Tuesday, February 22, 2011

Classic Radio now with mp3!

As mentioned previously, I have been fixing my radio for the sole purpose of hacking it. Now that it is functional, my goal is to be able to connect an mp3 player and listen to it in the truck.

The easiest solution would probably be to use a transmitter but I have two problems with this. First, there are about a billion FM transmitters on the market but I have yet to see an AM solution. Seeing as how my old radio is AM only this does not work for me. Second, I have witnessed first hand just how poorly those transmitters perform. They are prone to fading in and out, shifting, and all sorts of other pesky problems; this is not the solution for me!

I know there are multiple ways of going about this, so I had a few qualifiers in mind when I first approached this problem:

1) Easy to implement
2) Cheap!
3) Reversible

Unexpectedly, I stumbled on a perfect solution here. The original poster's explanation left a lot to be desired but forum member gryzynx clarified a number of details and helped me out with the component selection (I am poster ronilevi obviously).

I purchased the 3.5mm jack for $0.50, scavenged the appropriate cable, and hooked it all up. I had a few mis-steps of course (I thought I fried my iPod a couple times), but it was really just as simple as two wires to hook up:

I will have to implement a more permanent solution but, at least for now, I know this works! As a bonus, here is video of it functioning:

Please note and observe the forum warning to not have the mp3 player charging while it is hooked up to the radio.

The Radio in Action!

Here is a quick little video of the radio fully functioning (I caught a good snippet of Otis on the air). It will sound a lot nicer with a real antenna attached.
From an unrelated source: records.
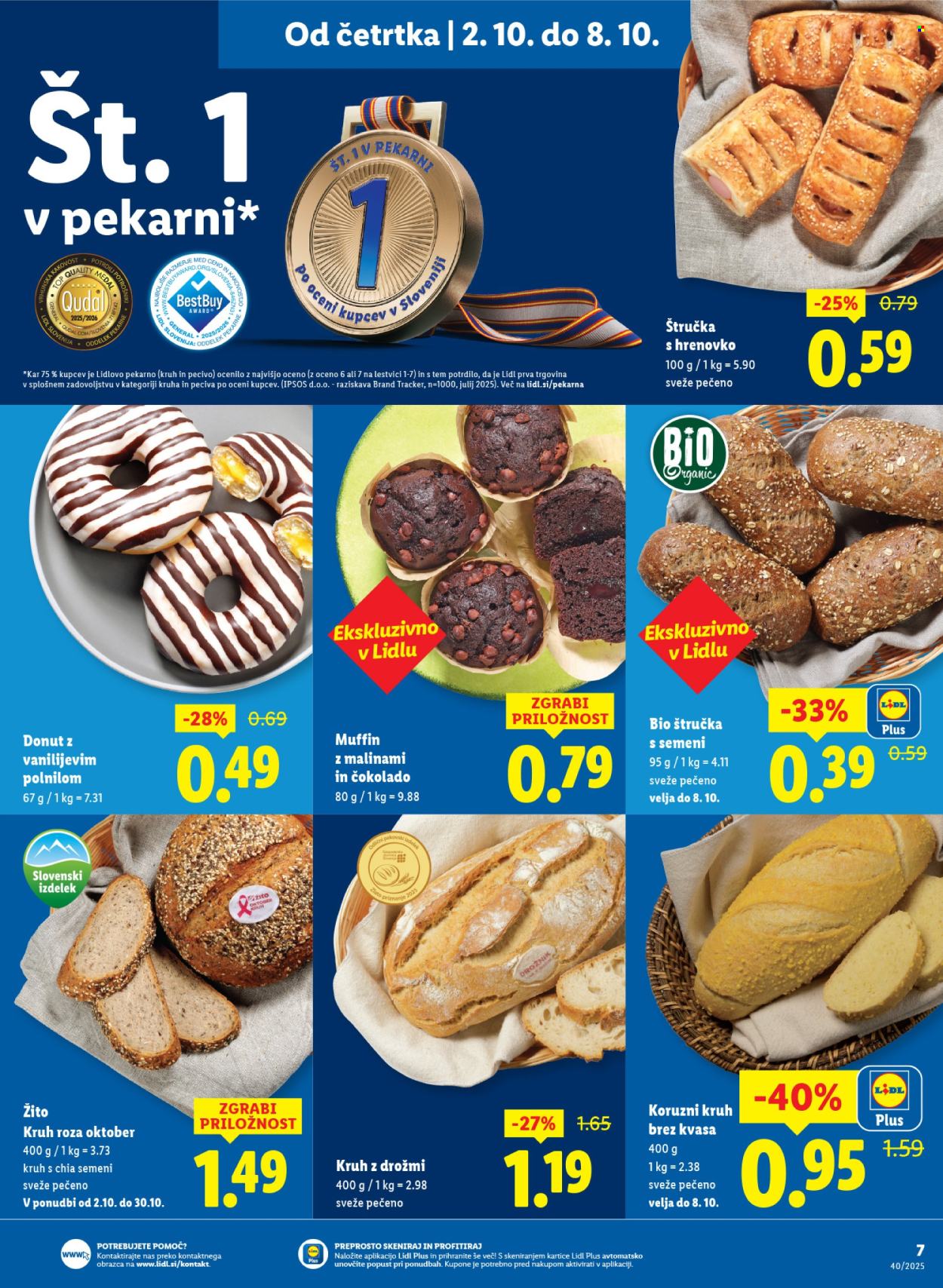Lidl katalog - 2.10.2025 - 8.10.2025. Stran 7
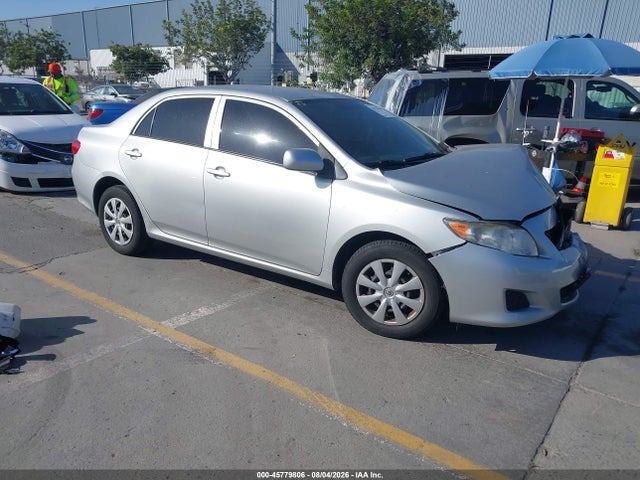 2010 TOYOTA COROLLA LE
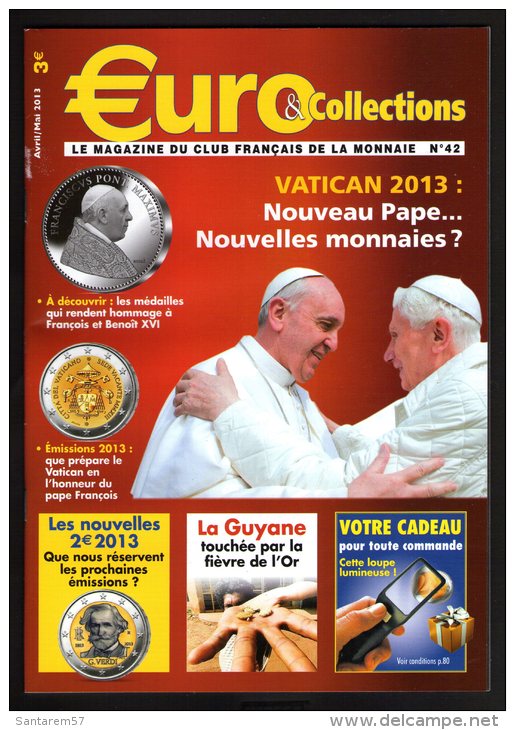 Catalogue Magazine Club Français De La Monnaie Avril Mai 2013 N° 42 - French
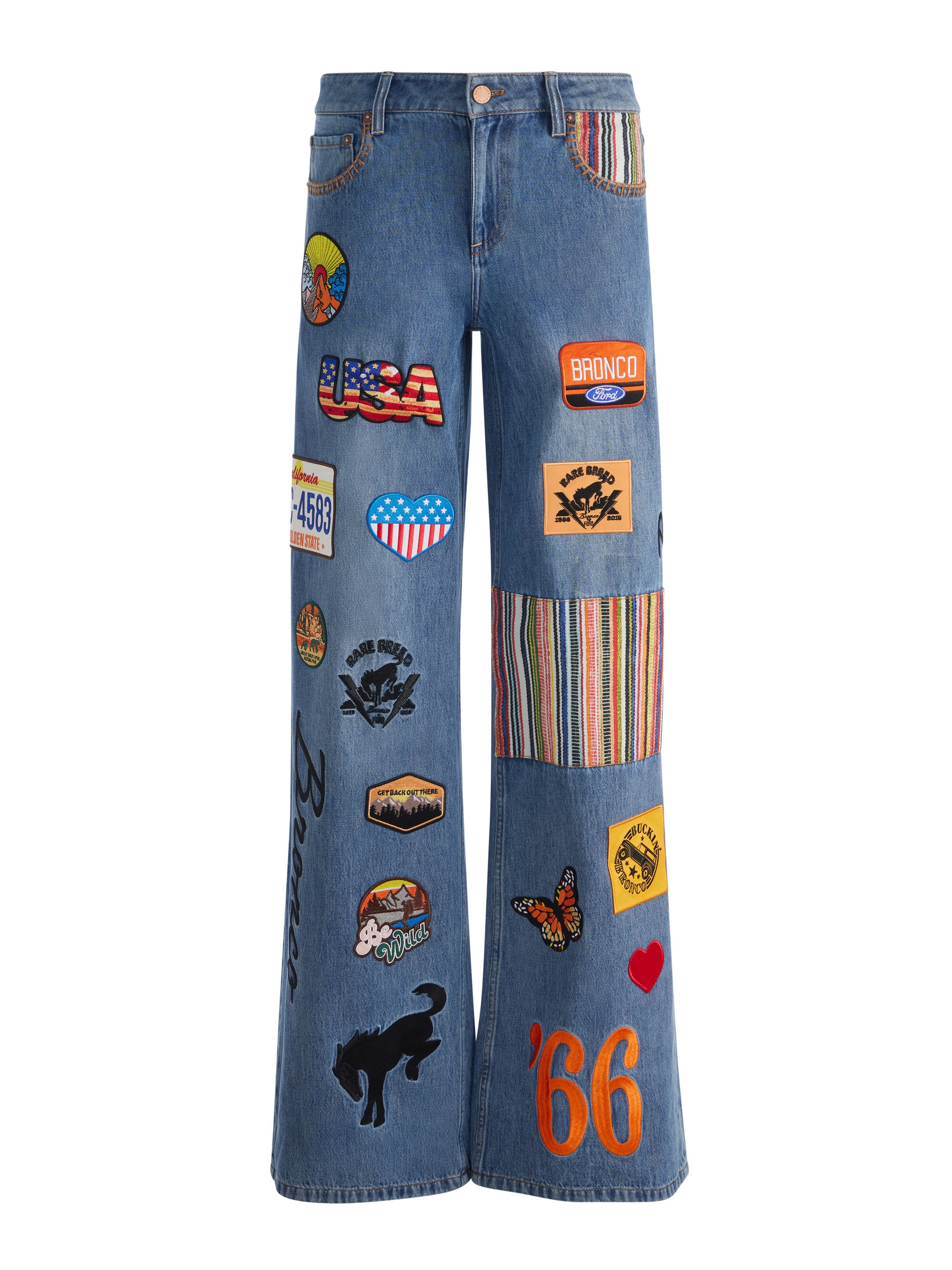 A+O X BRONCO TRISH JEAN - 7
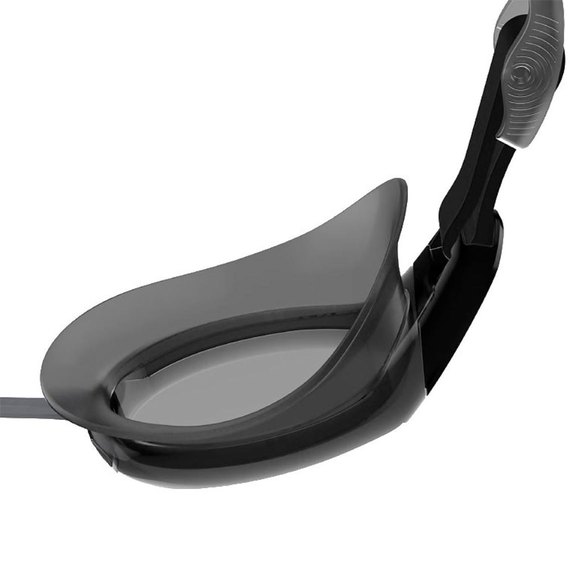 Очки для плавания Speedo Mariner Pro GOG AU взрослые, черный/серый One Size (8-135347988), изображение 4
Also, I have noticed that the volume and tone knobs are scratchy. I will have to spray this down with contact cleaner and hope it works itself out.

Thursday, February 10, 2011

Easy Fix on the 1966 Ford Truck Radio

The '66 Ford Truck is keeping me busy! There is plenty of work to do but I have been having fun playing around with the radio I picked up on Ebay. As soon as I received it, I promptly yanked the cassette radio that the PO had installed and chucked it.

The first thing I did was disassemble the radio to expose the circuit board and check for any obvious signs of failure: burn marks, corrosion, etc. I was relieved to find that none of those were present or at least not obviously so.

Despite the internet's propensity for disseminating vast amounts of knowledge, I was unable to source schematics, but I did find some minor information on my radio.

Turns out that decoding the A4TBT stamp on my radio's box lets me know that it is a transistorized AM truck radio built by Bendix (or using Bendix guts) in 1964. Nice to know but hardly of much help to me.

I did some minor repairs so that I could get a speaker attached to it since it appeared that the originals had been yanked out and proceed to power the radio on. There was a very audible hum pumped to the speaker as soon as the switch turned on despite the volume level.

Here is where I noticed I had made a mistake: these radios are powered from a 12V battery, a DC source. While the power supply I had hooked up for testing was at the correct voltage, it was a switched power supply! These sort of power supplies are prevalent in today's electronics because they are more efficient but they are completely unsuitable for testing an old car radio. Instead of pulling the battery out of the truck to use for testing, I bought this power supply which is regulated, adjustable, and lends itself quite well for a future of electronics tinkering at my bench.

Reading up on old radio repair, it seems that the culprits in most hum situations are paper and electrolytic capacitors. Over time they dry up causing their values to stray. Inspecting the radio turned up only two capacitors that fit the bill so I made a really crappy picture in google documents and then removed them.

I ran to my local electronics store, picked up replacement electrolytic capacitors, and soldered them into place. The next power test (now with new capacitors and an appropriate supply) played fuzz but no hum! I was able to improvise an antenna out of alligator clips and a long strand of hookup wire to make a loop antenna and it picked up local stations!

Now that it is functional, it is nigh time to hack this thing!